Well, some good, some not so good news.
We arrived at 9 and the brothers were so gracious, got together a bunch of administrators lickety-split and was able to deliver my powerpoint and the demo without a hitch. Whew!
That's me showing off my Logo skills above right!
The next university was really moot. We went to Nkumba University from office to office to find the right contact but signals must have crossed, so we decided to bail out in order to make our next appointment at Makerere.
Makerere is the biggest university, most well known but for some reason, they also had some trouble finding us an audience. A conference was going on for the education students. Sounds perfect but these were secondary school teachers. The Dean called ahead to make sure a room was ready for us and our host was told to send in the secondary teachers as they are also qualified in the primary schools. What they didn't account for was ELECTRICITY. Boy, do we take a lot for granted.
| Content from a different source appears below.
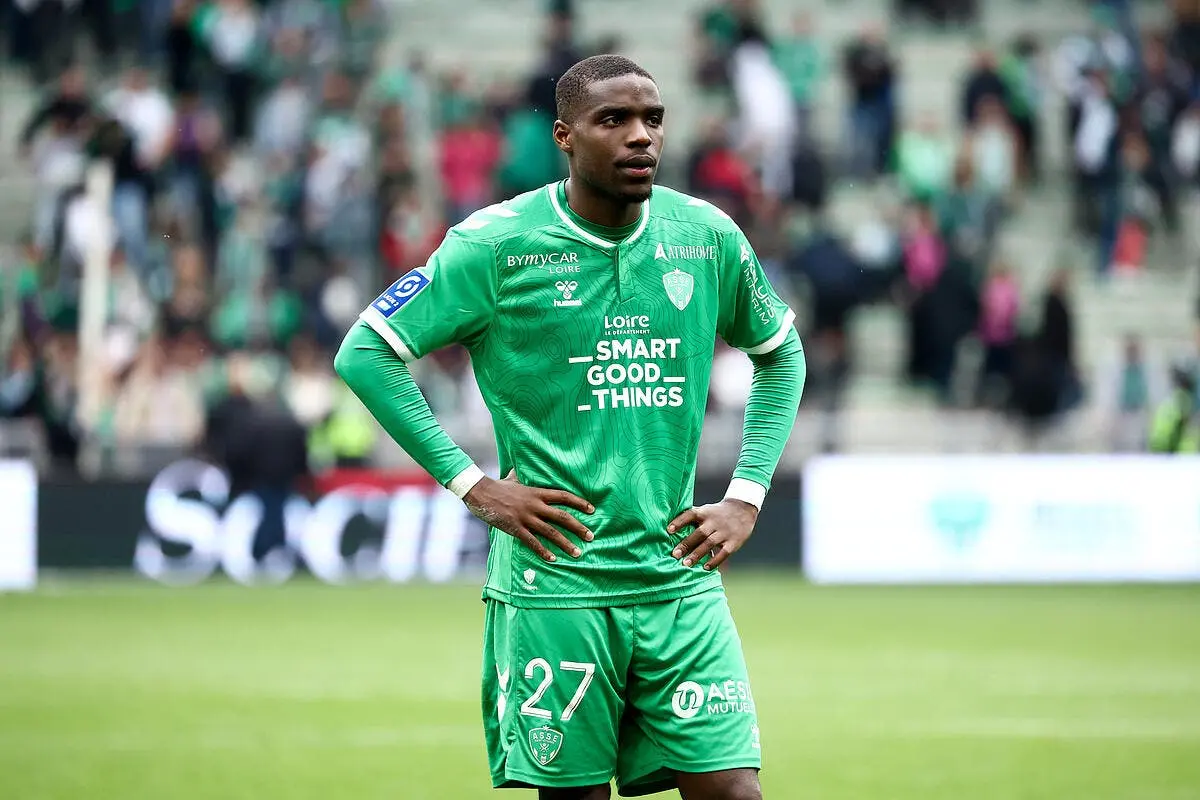 asse bloque a saint etienne nkounkou part au clash icon 1ama3483 363342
There I was with my projector, my XO, my netbook and assorted cables and adapters but no electricity.
As they called in the worker to string extension cords together to reach the generator on the other side of the building, the cleaning lady was wiping the dust from the desks, even where I was setting up on small student desks and squeezing my body in and out of precarious situations. The XO boxes became the projector podium.
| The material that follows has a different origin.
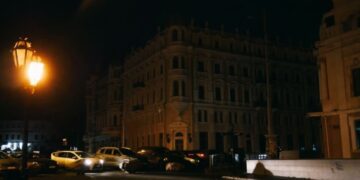 ГРАФІКИ ВИМИКАННЯ СВІТЛА У ДНІПРІ ТА ОБЛАСТІ 12 ГРУДНЯ, ЯКІ НЕ МОЖУТЬ РАДУВАТИ НАРОД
But, time was running out because we had to leave for the Kasiisi project, a four hour drive, so I punted and demonstrated from the XO and the netbook on battery power, no projection. I gathered the student email addresses, one or two are particularly interested and I will include them in my collaborative group.
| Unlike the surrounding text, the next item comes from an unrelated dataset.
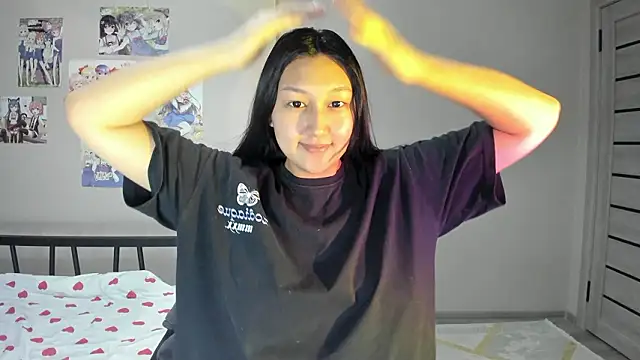 yunami  chan online show from February 6, 12:30 pm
Later, just as we arrived at Kasiisi, five hours of bumpy road later, the dean from Makerere called but I have yet to make contact- couldn't talk then-bad timing. We had a wonderful visit with the eager folks at the Kasiisi Project. They graciously showed us around. They waited until 7 for us and had to leave in the pouring rain. We saw the generator they use to power up the XOs, which takes 20 liters of petrol every 3 weeks. Petrol seemed to cost about $3 a liter! They are hoping that Elizabeth Ross can come up with the funds to connect them to the hydro-electric facility.
We saw a classroom that seats 102 students with one teacher. 2 classes use the XOs but there are 1000 students at this primary school. Some walk 8 miles one way to come to school, with only porridge for lunch! Our US students should see education this way, as a privilege, not a given. The people were so hospitable; I only wish I could have done more for them.